If done well, cast metal can be plenty strong, but in general, forged is always stronger. I've seen cheap or badly cast metal crack. So in addition to the points the fanz made, a forged carbon steel pan will take A LOT of abuse.


----------



## Ring909

Notaskinnychef said:


> Hoping to find one somewhere in Canada that isn't uber money as I'd love to buy now that my every day nonstick one is on its last legs.
> 
> Just gotta find a decent retailer lol



If you have a William Sonoma near by, they're clearing out the De Buyer mineral B's at half price because they're no longer going to carry them in Canada.


----------



## Justin0505

So theyre still what? $50? 
If i want to over pay for yuppie kitchen gear, I'll go to SLT with their awesone service and return policy. F WS.


----------



## Justin0505

Double post


----------



## Notaskinnychef

I know this is bumping an old thread, but the De Buyer mineral pans are on sale 50% off from both futureshop and bestbuy online. While there are a number of locations that sell these in the US, amazingly enough these two retailers are the cheapest retailers in canada, plus they have free shipping too. 

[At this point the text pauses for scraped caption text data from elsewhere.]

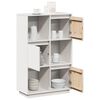 vidaXL Hoge kast 74x35x117 cm massief grenenhout wit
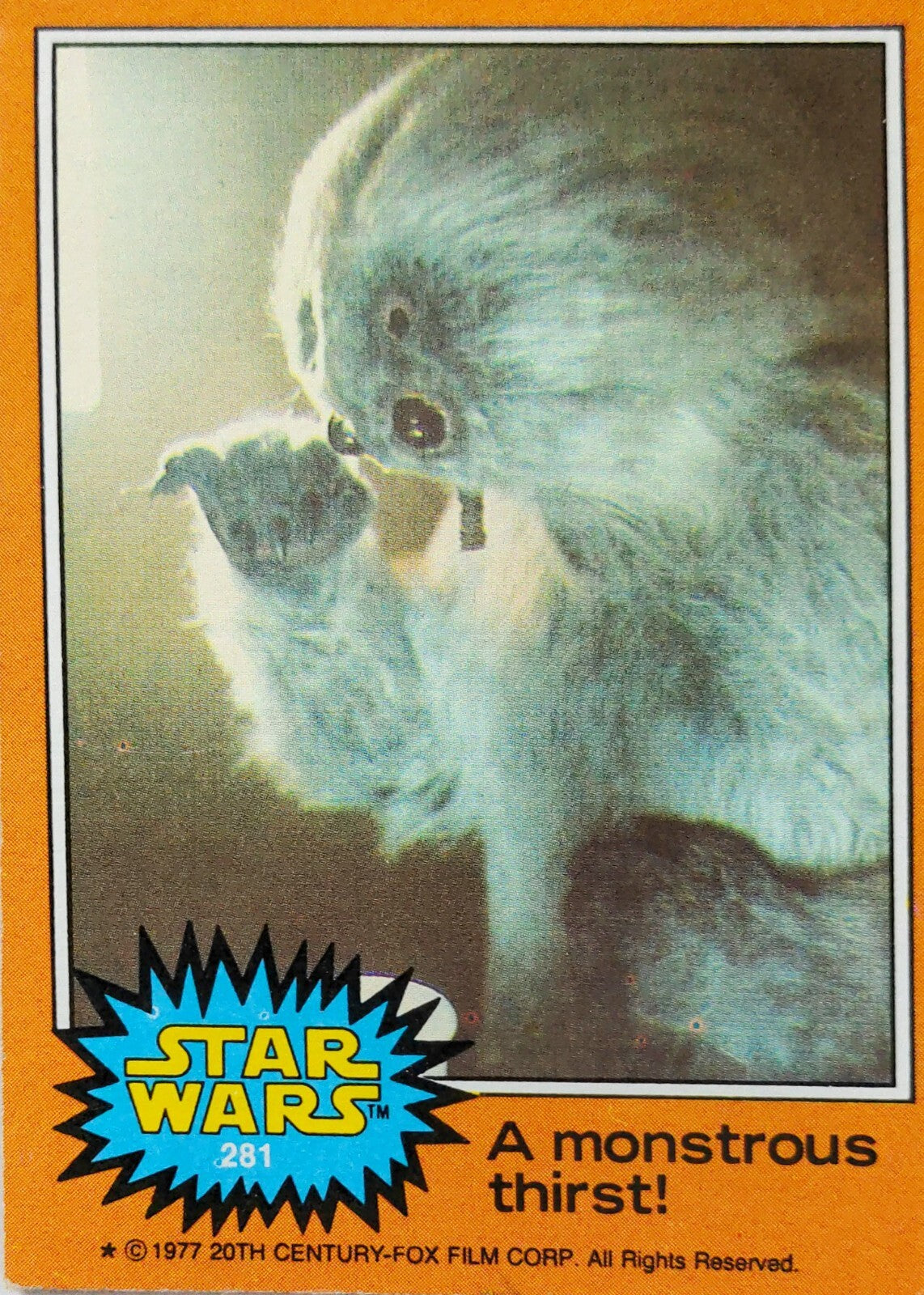 Vintage 1977 Go Figment Star Wars trading card featuring a Wampa creature titled A monstrous thirst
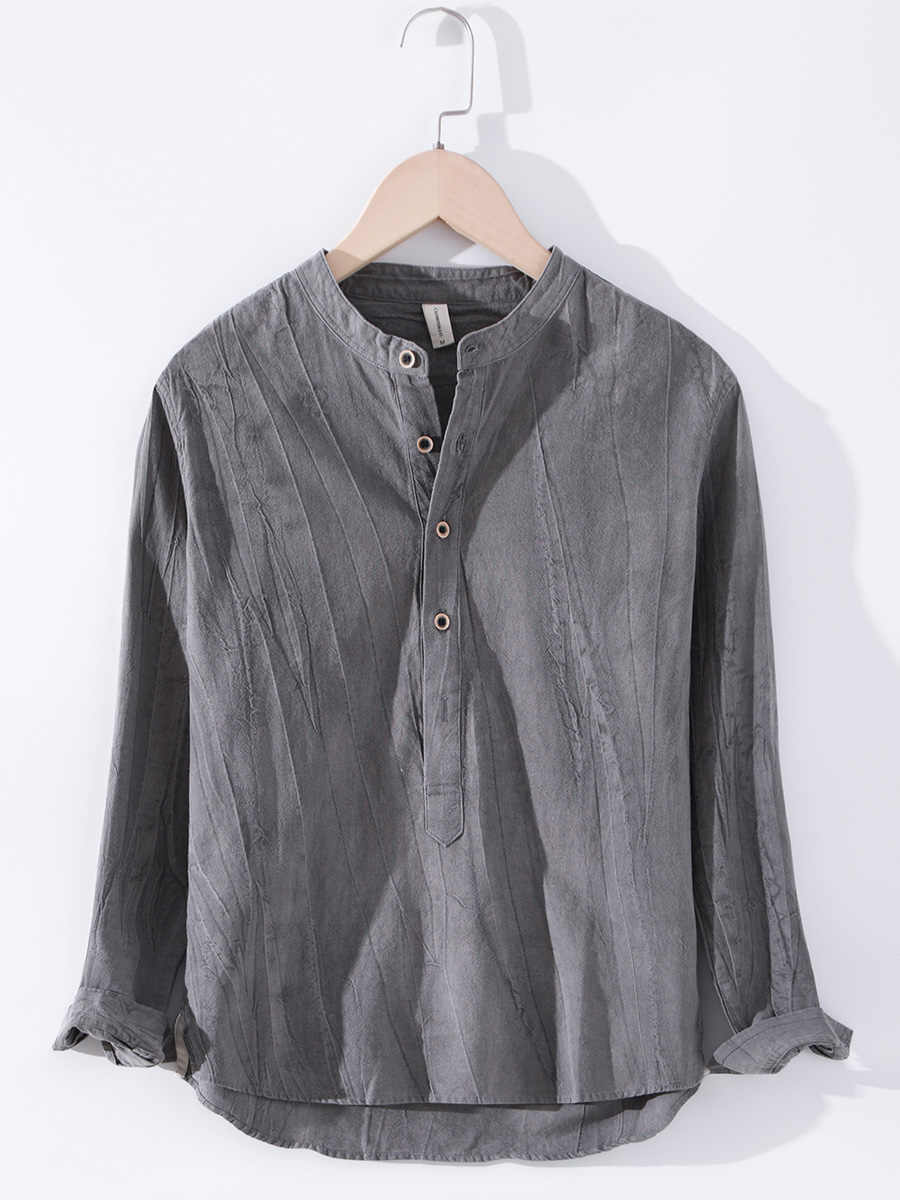 Linen Shirt Long Sleeved Stand Up Collar Retro Top Jacket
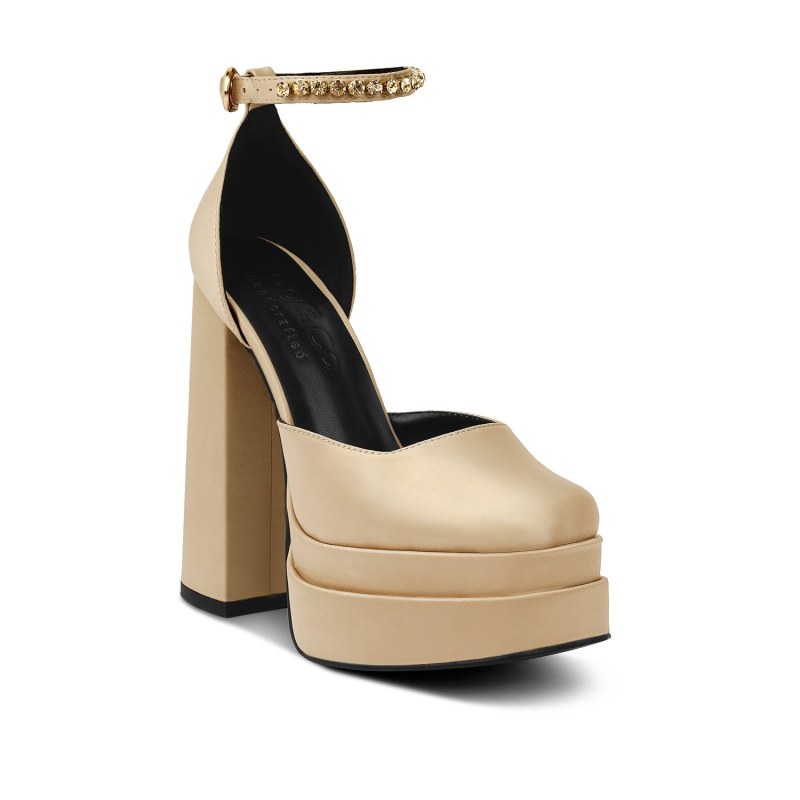 Latte satin shoes outlet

42.49 for the 12.5 incher: http://www.futureshop.ca/en-CA/prod...245b0961e329454b9aae845en02&SearchPageIndex=1


----------



## Mucho Bocho

WOW They have the whole line on sale. sucks for me cause I already have the 8,10,12,14 and 12 crepe. Theyre wonderful pans.


----------



## shankster

Notaskinnychef said:


> I know this is bumping an old thread, but the De Buyer mineral pans are on sale 50% off from both futureshop and bestbuy online. While there are a number of locations that sell these in the US, amazingly enough these two retailers are the cheapest retailers in canada, plus they have free shipping too.
> 
> 42.49 for the 12.5 incher: http://www.futureshop.ca/en-CA/prod...245b0961e329454b9aae845en02&SearchPageIndex=1



Amazing price for these pans! If I didn't already have 2 of them(I have the carbone plus series not the mineral B) I'd jump on this deal real quick.


----------



## Talim

Do they ship to the US?


----------